Task objective:
Reproduce the material below only from the line with "Men's leather sneakers: variety and choice" to the line with "Vrouwelijke boer met spade", both included, keeping each line exact and dropping the pictures.

Data for analysis:
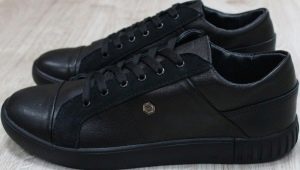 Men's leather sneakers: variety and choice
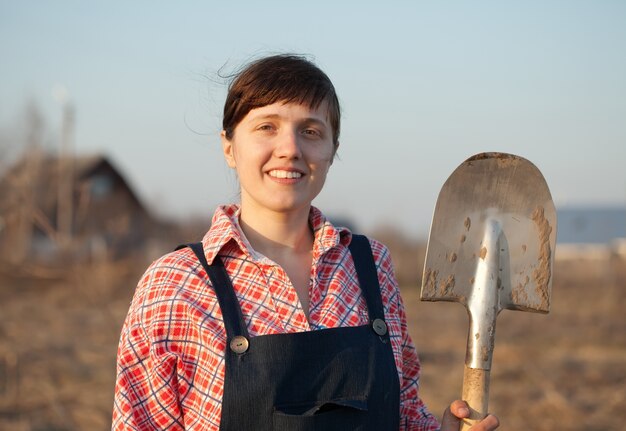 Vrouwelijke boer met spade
* * *
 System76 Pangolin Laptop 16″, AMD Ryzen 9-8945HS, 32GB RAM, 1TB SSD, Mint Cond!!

Result:
 Men's leather sneakers: variety and choice
 Vrouwelijke boer met spade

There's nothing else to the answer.